Posted Feb 13, 2024 20:53 UTC (Tue) by davecb (subscriber, #1574) [Link] (1 responses)

In a previous life, interposing things between caller and recipient was a favourite task.
We used it to create programs like a low-overhead strace, a performance measurement tool that used unmodified binaries, and, as a demo, a Linux library profiler, https://github.com/davecb/libprof

I used to do tons with LD_PRELOAD

Posted Feb 21, 2024 12:22 UTC (Wed) by nix (subscriber, #2304) [Link]

Nowadays, if you want to do something like that and also explore exciting underused parts of ld.so, the thing to try is LD_AUDIT libraries. These are loaded in a new dlmopen namespace, so they can rely on other shared libraries and the like, making it a lot easier to write the things than it is to write an LD_PRELOADed profiler.

(In practice this excellent feature is rarely used, alas.

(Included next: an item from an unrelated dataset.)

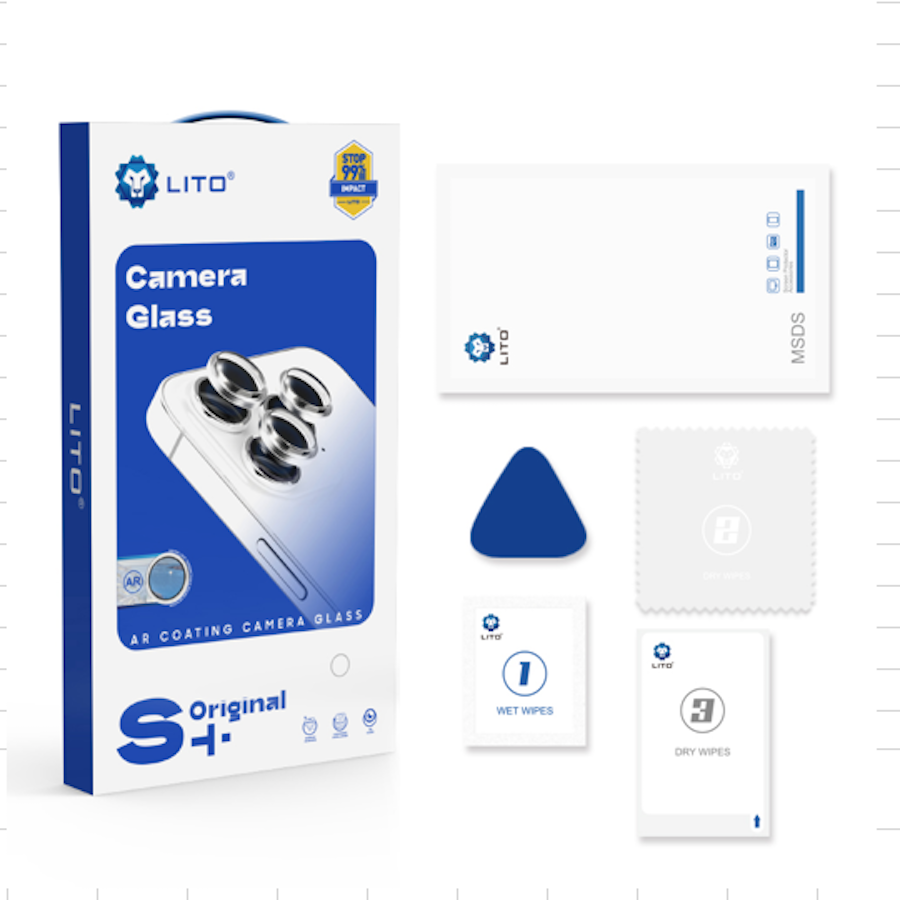 Apple iPhone 13 Pro/13 Pro Max Lito S+ original AR 3D Fém Kamera Védő Üveg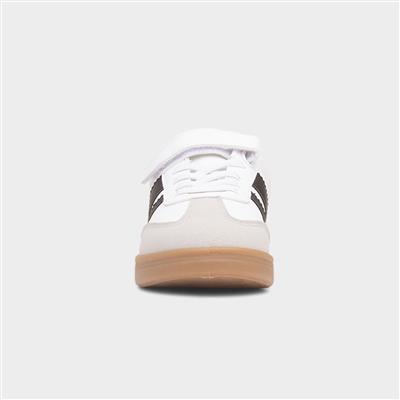 Kids White & Black Easy Fasten Trainer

Lazy dynamic linking problem

Posted Feb 14, 2024 4:01 UTC (Wed) by jreiser (subscriber, #11027) [Link]

Lazy dynamic linking defers binding to any particular external procedure until the first actual use. This avoids work for resolving references to unused symbols, but can also plant a time bomb if there is no definition for a symbol that is used eventually. So a program might fail unexpectedly when it enters a new phase of execution that uses previously-unused symbols. This can be particularly troublesome if the dependent shared libraries are not careful enough to implement an ABI that supports software evolution through differing delivered versions. BIND_NOW can be useful during development and maintenance, for the purpose of finding such dangling references.

A look at dynamic linking

Posted Feb 14, 2024 9:29 UTC (Wed) by cyperpunks (subscriber, #39406) [Link]

Seems like the details of rpath/runpath was skipped in the description?

A look at dynamic linking

Posted Feb 14, 2024 23:42 UTC (Wed) by interalia (subscriber, #26615) [Link]

Thanks for this article. Knew a decent amount of this but it's always nice to get a well written description with some of the finer details!

A look at dynamic linking

Posted Feb 15, 2024 16:07 UTC (Thu) by jcpunk (subscriber, #95796) [Link]

This is the kind of technical content I love to see at LWN!

A look at dynamic linking

Posted Feb 19, 2024 15:14 UTC (Mon) by mechanicker (subscriber, #166579) [Link] (1 responses)

Remembering the time when I used `dldump` to generate a new executable with most relocations done to speed up start time of a popular CAD software that would load a lot of dynamic libraries.
This was inspired by the Emacs build system and their portable dumper mechanism.

A look at dynamic linking

Posted Feb 22, 2024 9:56 UTC (Thu) by Vorpal (guest, #136011) [Link]

I hadn't heard of that. Reading about it, it sounds similar to the old prelink utility. Maybe it even is what prelink used internally?